First steps to understand small oscillations in CM +1 little problem

[fluidistic]

Homework Statement

I'm trying to teach myself Small Oscillations in Classical Mechanics. So far I've read in Landau, Golstein, Wikipedia and other internet sources but this subjet seems really tough to even understand to me.
What I understand is that if we have a potential function that depends only on the position (to make it simple, let's keep it in 1 dimension) and that function has a minimum say in x0, then we can approximate U(x) close to U(x0) by using a quadratic. To be more exact, we use a Taylor's polynomial of order 2 centered in x0. So far so good.
Now, how does this help in finding say the fundamental frequencies of a system?!
Problem #1 in my university assignments for CM is "Find the frequencies for small oscillations if U(x)=V \cos (ax)-Fx."
So first I think I should find the minimum of this function to get x0. I found it to be x_0=\frac{\arcsin \left ( \frac{-F}{Va} \right) }{a}.
I notice that the argument of the arcsine function has to be within -1 to 1 to even make sense, so that I get a condition on F and Va.
But now what...? I'm totally stuck. Should I use a Taylor's polynomial and what does it have to see with the frequencies of oscillations?

 

[vela]

You can neglect the constant, so you end up with a potential that looks likeU(x)\approx\frac{1}{2}kx^2where k is U''(x₀). Do you recognize that potential?

 

[fluidistic]

You can neglect the constant, so you end up with a potential that looks likeU(x)\approx\frac{1}{2}kx^2where k is U''(x₀). Do you recognize that potential?

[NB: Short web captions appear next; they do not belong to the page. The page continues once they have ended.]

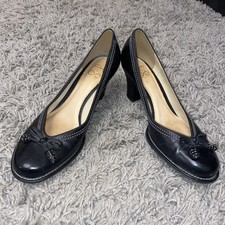 Clarks Artisan Leather UK 7 EU 40 Black Court Shoes Work Bow 1930s period 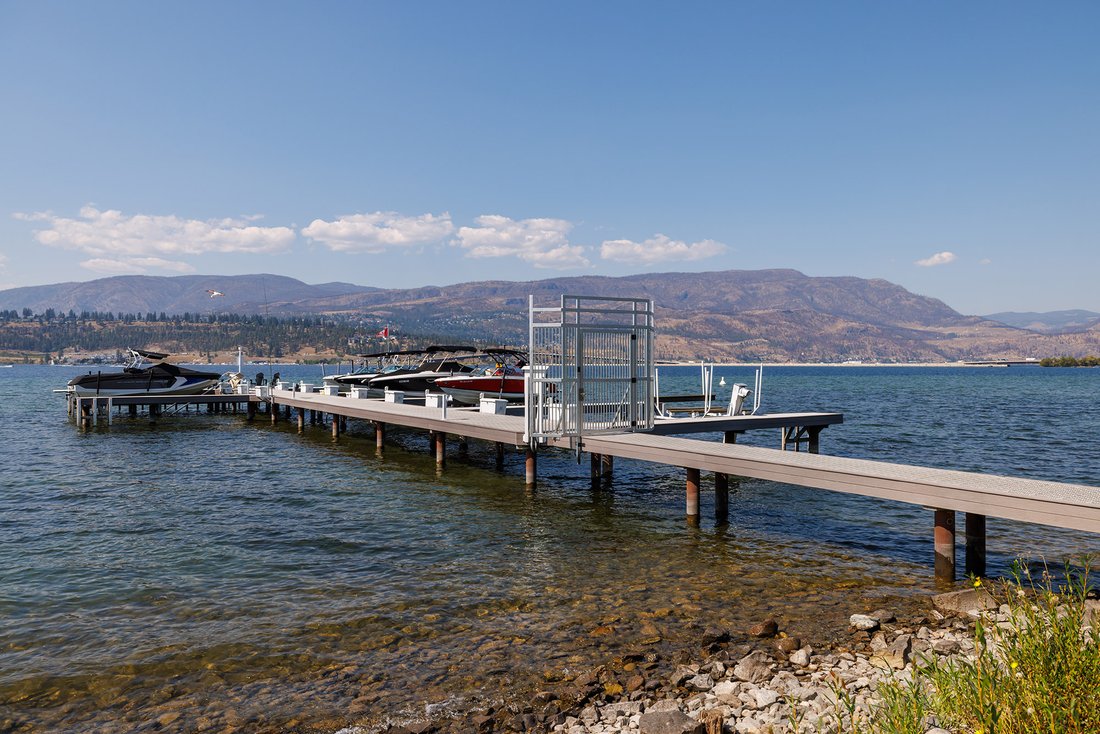 House in Kelowna, British Columbia, Canada 4 - 18257106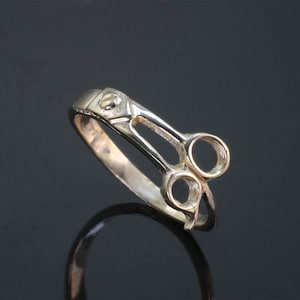 Handmade Ladies Pinkie Scissor Ring ©, 14K yellow gold, hair dresser, hair stylist, beautician, hair cut, seamstress, shears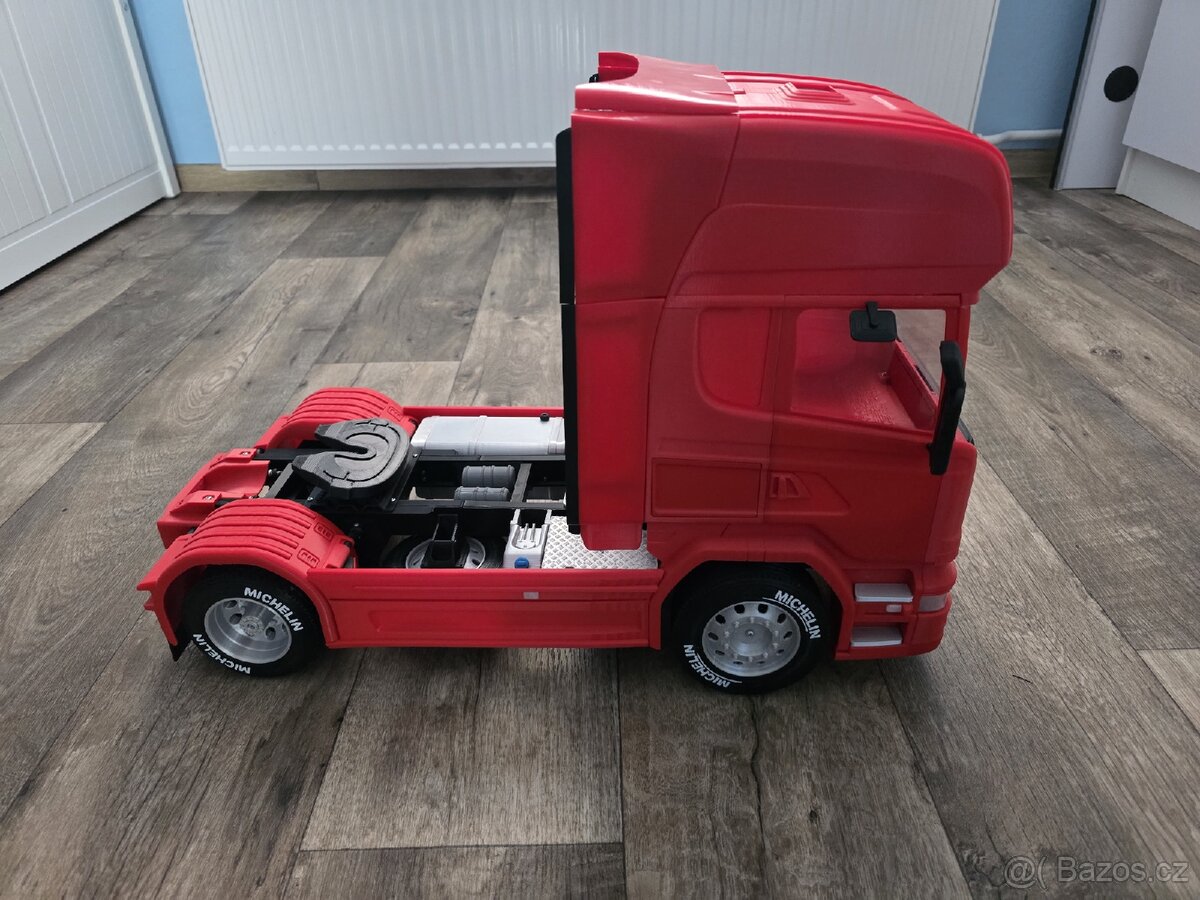 RC model 1/10 Scania 730 - 5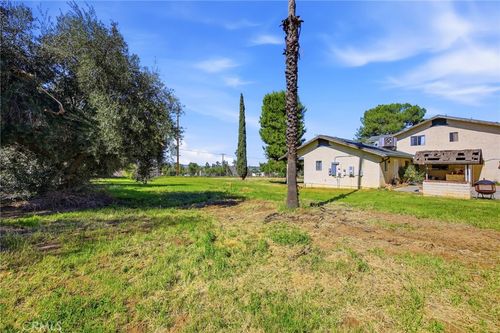 23270 Menifee Rd, Nuevo, CA, 92567-9562 | Card Image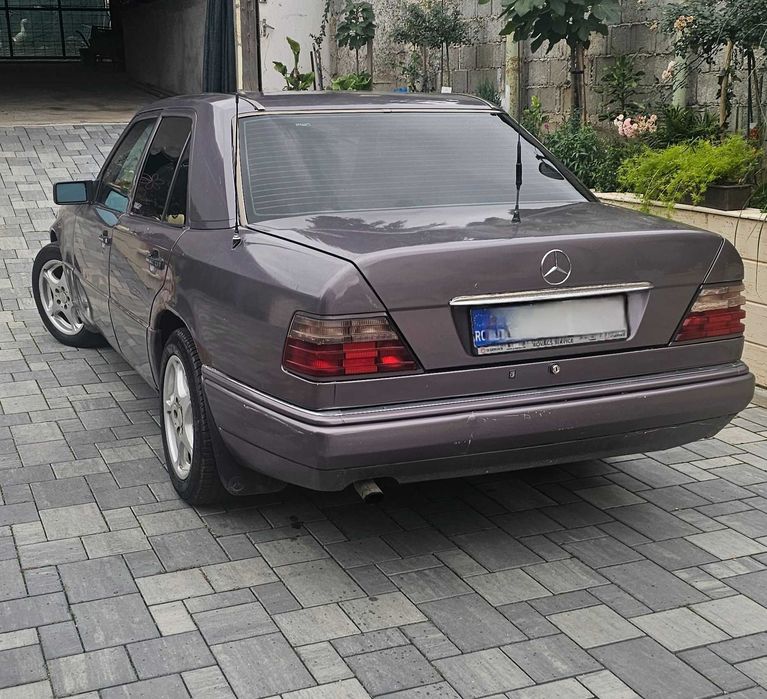 Mercedes Benz E200 (w124)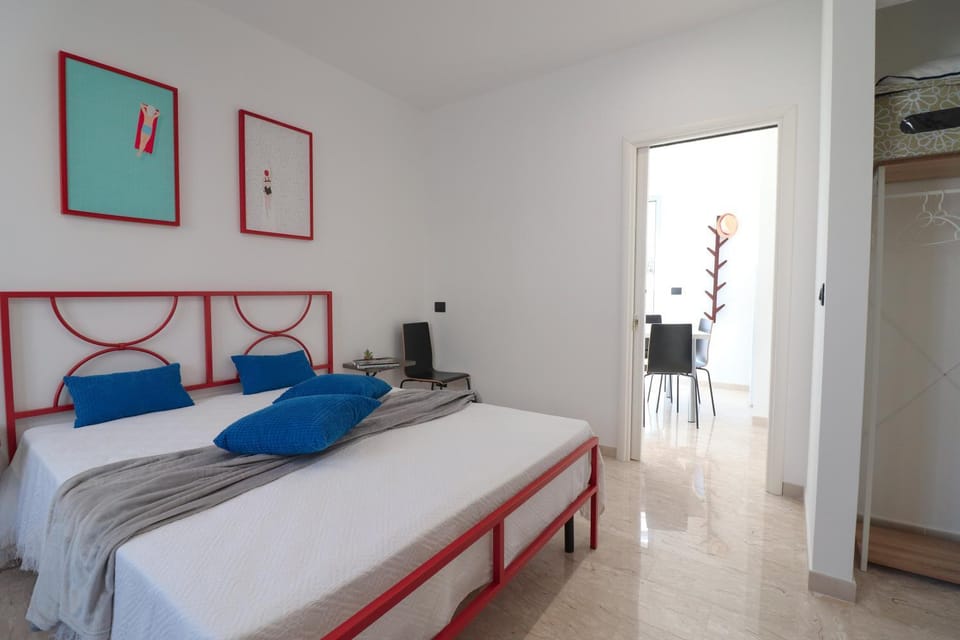 Living room, Bedroom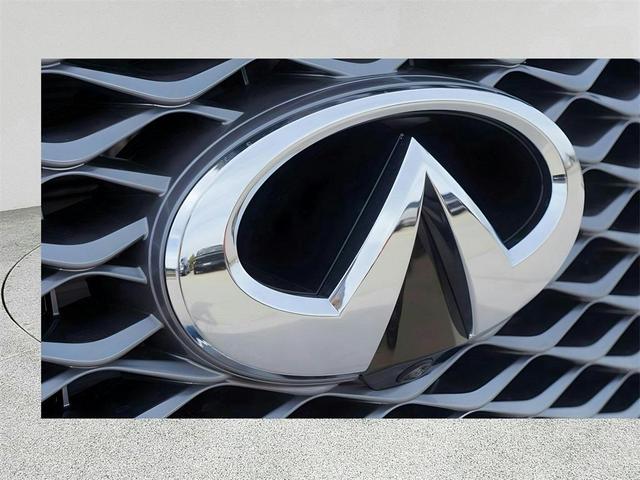 2023 infiniti qx80 luxe
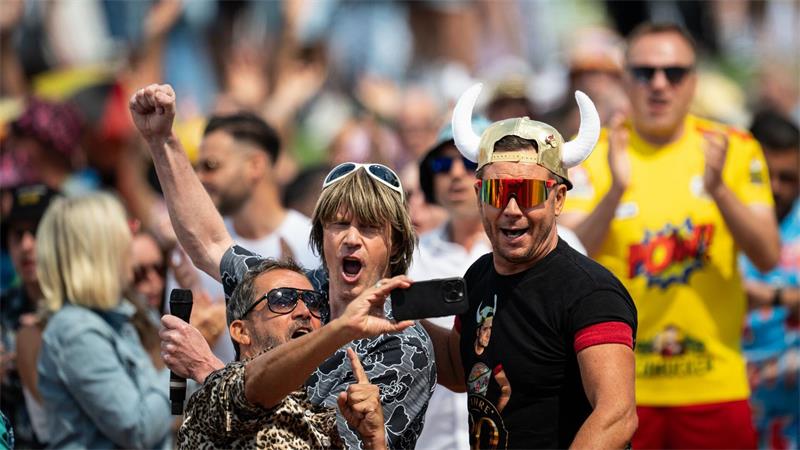 Mainz olé: Malle-„Fernsehgarten“ sorgt für Partystimmung Mickie Krause und Lorenz Büffel stimmten ihren Song „Baila Baila“ an.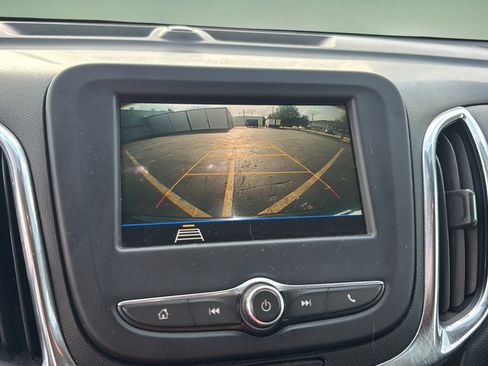 Used 2019 Chevrolet Equinox LT w/ Driver Convenience Package FWD image 12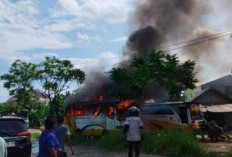 Suara Klakson Berbunyi Panjang Disertai Keluar Asap dan Api, Bus AKDP Terbakar di Jalan RSUD Bari 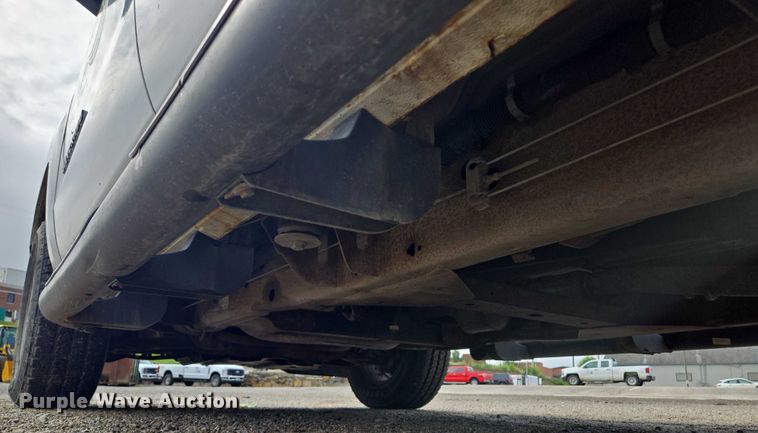 image for item EF1684 2014 Chevrolet Silverado 1500 Crew Cab pickup truck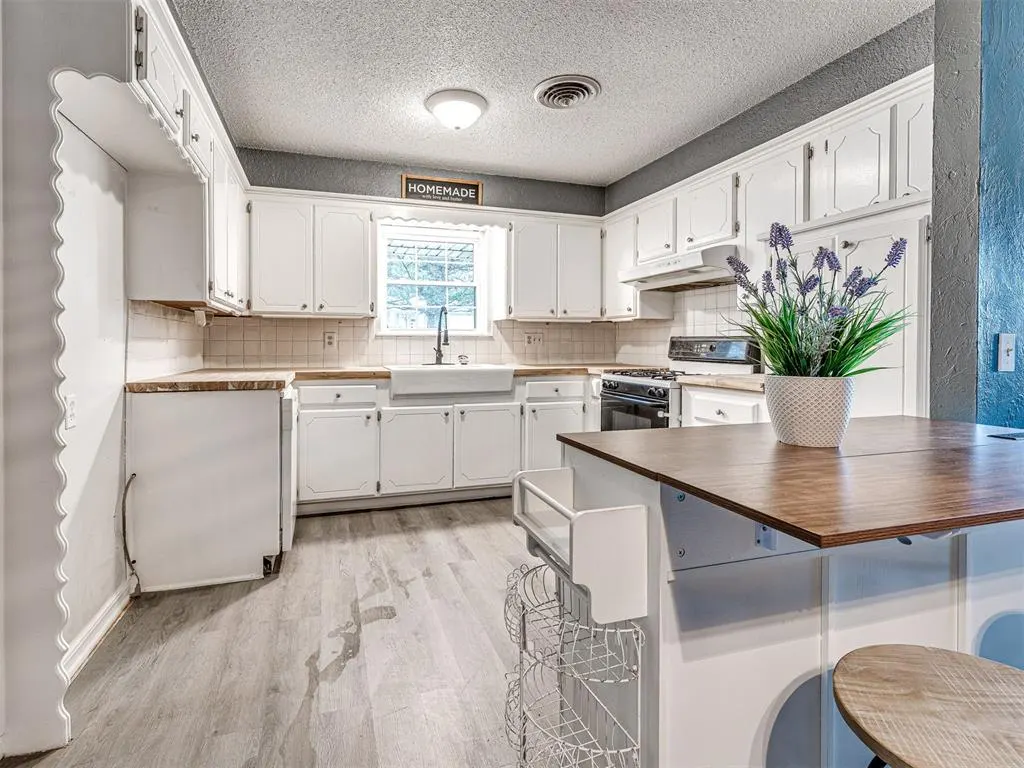Photo 9 — 1005 Birch Street, Wellston, OK 74881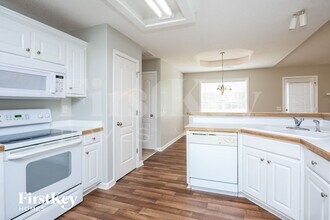 833 Brandon Dr in Winder, GA - Foto de edificio - Building Photo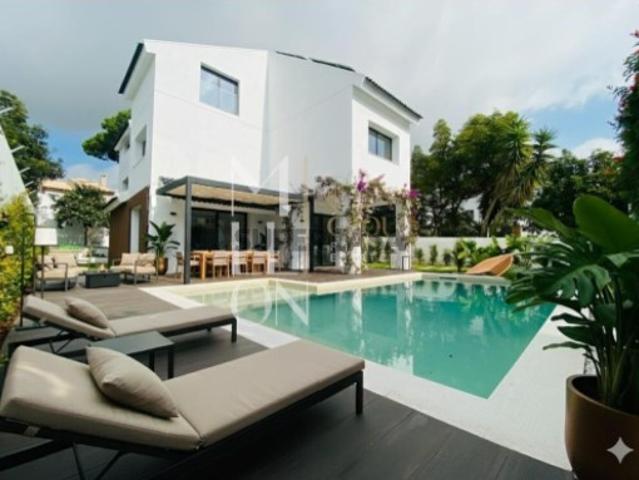 LUXUOSA MORADIA T5 COM PISCINA EM SÃO JOAO DO ESTORIL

That looks like the potential energy stored in a spring.
When you say I can neglect the constant, which one do you mean exactly? I don't really see how to obtain a quadratic from the given equation.

 

[ehild]

You can neglect the constant, so you end up with a potential that looks likeU(x)\approx\frac{1}{2}kx^2where k is U''(x₀).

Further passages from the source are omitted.